- Kill Buck Kill Buck
- Coordinates: 42°09′30″N 78°40′51″W﻿ / ﻿42.15833°N 78.68083°W
- Country: United States
- State: New York
- County: Cattaraugus
- Elevation: 1,407 ft (429 m)
- Time zone: UTC-5 (Eastern (EST))
- • Summer (DST): UTC-4 (EDT)
- ZIP code: 14748
- Area code: 716
- GNIS feature ID: 954603

= Kill Buck, New York =

Kill Buck (Jo'sgwä:dase:h, literally: "it goes around stone") is a hamlet in Cattaraugus County, New York, United States. The community is located along New York State Route 417 and U.S. Route 219 Business, sharing its western border with the eastern border of the city of Salamanca. Kill Buck is named after Daniel Kill Buck (or, by another source, Dave Kill Buck), who was a mayor of the community during its days as a Seneca village.
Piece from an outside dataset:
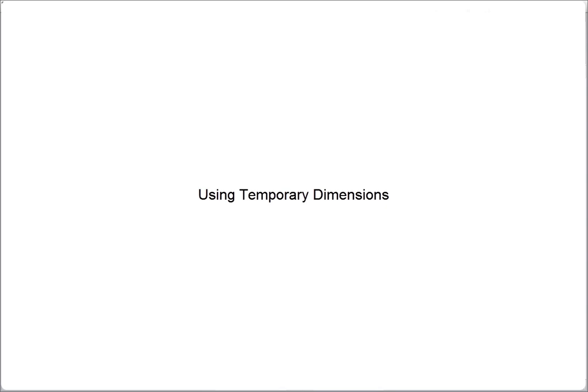While in the process of creating or modifying elements in your building model, temporary dimensions are displayed in Revit Architecture. These temporary dimensions allow you to accurately place elements in your project.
Kill Buck is roughly evenly divided, with the northern half of the hamlet within the jurisdiction of the town of Great Valley and the southern half within the bounds of the Allegany Indian Reservation; Routes 219 and 417 roughly demarcate the dividing line. The town of Great Valley maintains a separate fire hall and public park facilities for Kill Buck.

Kill Buck has an estimated population of 650 according to the Rand McNally 2021 atlas.

==History==
Kill Buck was once a sprawling Seneca community, extending to cover much of what is now the southeast corner of the city of Salamanca before the city was incorporated in 1913. It was alternately spelled "Killbuck," but a late 20th-century controversy over the spelling eventually settled upon spelling it as two separate words. It was established in 1818.

Kill Buck has a post office with ZIP code 14748, which opened on December 28, 1837. On July 1, 1992, the post office relocated to an office at the post office in Salamanca after the building in Kill Buck it was sharing, a general store, abruptly closed. (The proprietor of the store and Kill Buck postmaster since 1975, Bill Costello, had also overseen the closure of the post office in nearby Red House, New York—also inside a Costello-owned store—in the 1960s.) The Postal Service has returned to Kill Buck in a standalone building.

The hamlet's public school closed in 1971.